As the pandemic keeps San Francisco’s economy largely shuttered, small businesses are facing the consequences. At least 80 small businesses have been permanently closed since March, according to SF Weekly’s running count.
There are reasons to believe the outlook for San Francisco’s small businesses is worse than in many other cities. A new study from lending marketplace LendingTree found that San Francisco small business owners had the 5th grimmest outlook of all major U.S. cities — eclipsed by Austin, San Antonio, San Jose, and New York.
The below list is only partial, and likely misses many businesses that do not have as large of an online presence. A recent study from Yelp found that the San Francisco metro area, which includes Oakland, Hayward, and surrounding cities, saw 369 restaurants permanently close between March 1 and July 10, and a staggering 2.1 thousand total permanent business closures. That puts the region fourth in the nation, behind much larger New York, L.A., and Chicago, in business closures, according to the study.
So, what’s at the root of all these closures? San Francisco’s relatively strict reopening process is certainly a factor. But other forces may be pushing business owners to the conclusion that remaining open is just not worth it.
San Francisco, Austin, San Antonio, San Jose, and New York City, the top five major cities where small business owners are most pessimistic about reopening, are all in states that have been hit hard by the pandemic. Austin, New York, and San Francisco are all major tourism and hospitality hubs — two industries that have almost completely shut down. These three cities, in addition to San Jose, also have very large concentrations of white collar tech workers, many of whom are expected to continue to work remotely even after the pandemic ends. They are also very expensive cities, where it might be harder for business owners to justify high rents while making little to no revenue.
While white collar workers are less likely to be laid off than their low-wage counterparts, many appear to be leaving cities like San Francisco as the pandemic continues, and taking their spending money with them.

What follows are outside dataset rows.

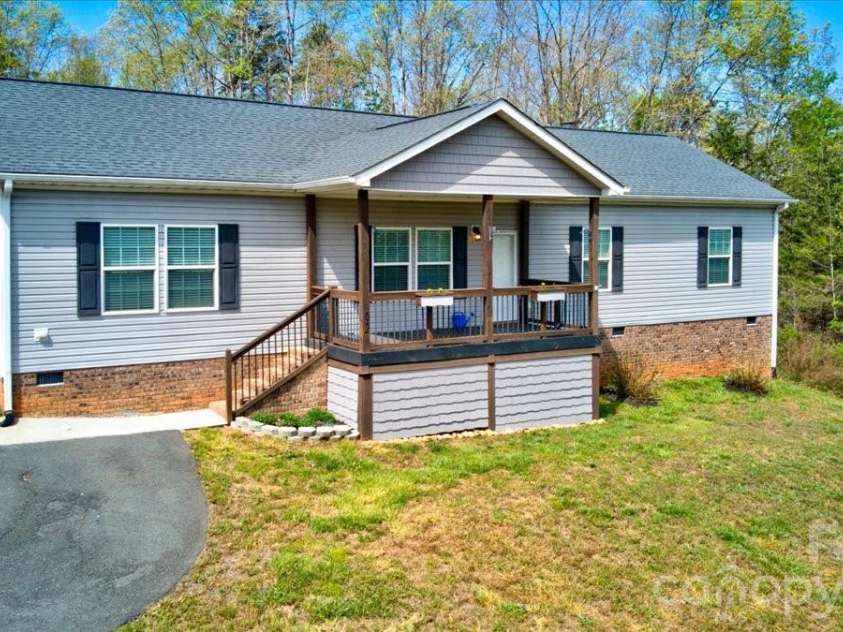 192 Apple Valley Lane, Statesville, NC 28677.  MLS# CAR4367094, YatesRealty ID 18570. 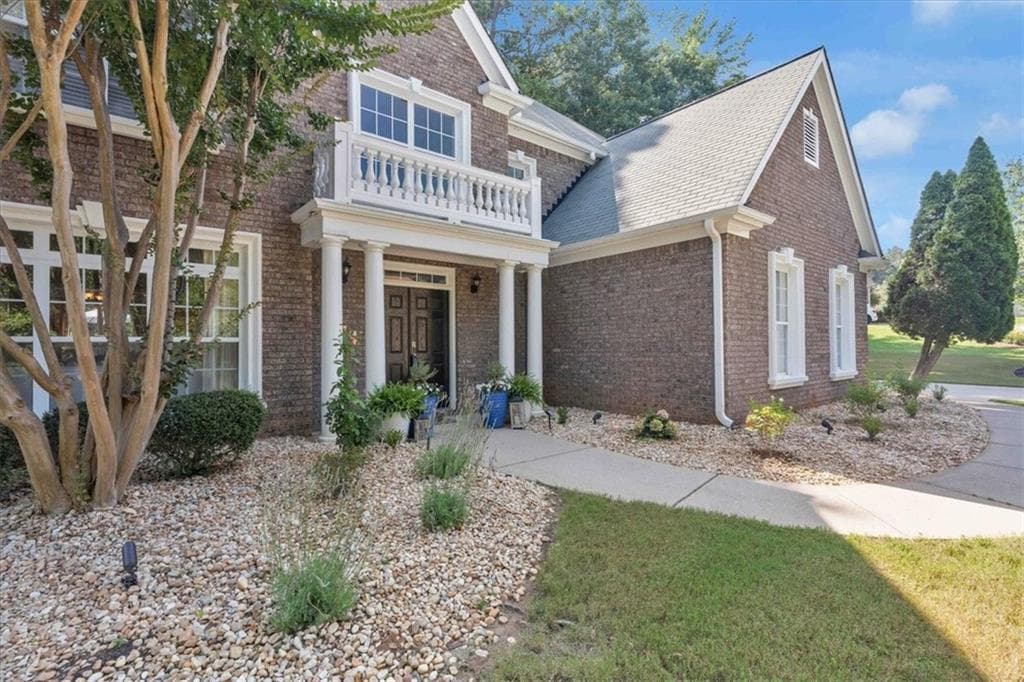 4 bedroom, 3 bathroom, 2,843 sq ft single family residence for sale at 3123 Wolf Club Drive, Atlanta, GA 30349 — photo 3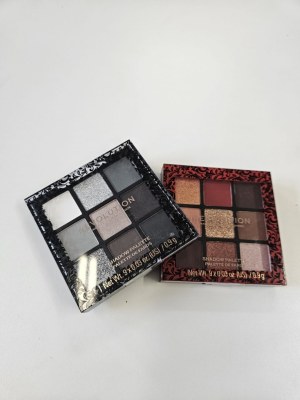 Petites palettes de maquillage REVOLUTION - à saisir Prix mini 1€20 - prix public 7€90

The LendingTree report listed Raleigh, Salt Lake City, Sacramento, Indianapolis, and New Orleans as the major cities where small businesses are most optimistic about the future. These are the kind of spacious, more affordable cities — albeit with thriving cultural scenes — that urban theorists expect remote workers to gravitate to. These trends could already be in motion: Sacramento saw median one bedroom rents rise 5 percent year over year in June, whereas S.F.’s one bedroom rents declined by 12 percent over the same period, according to a Zumper report.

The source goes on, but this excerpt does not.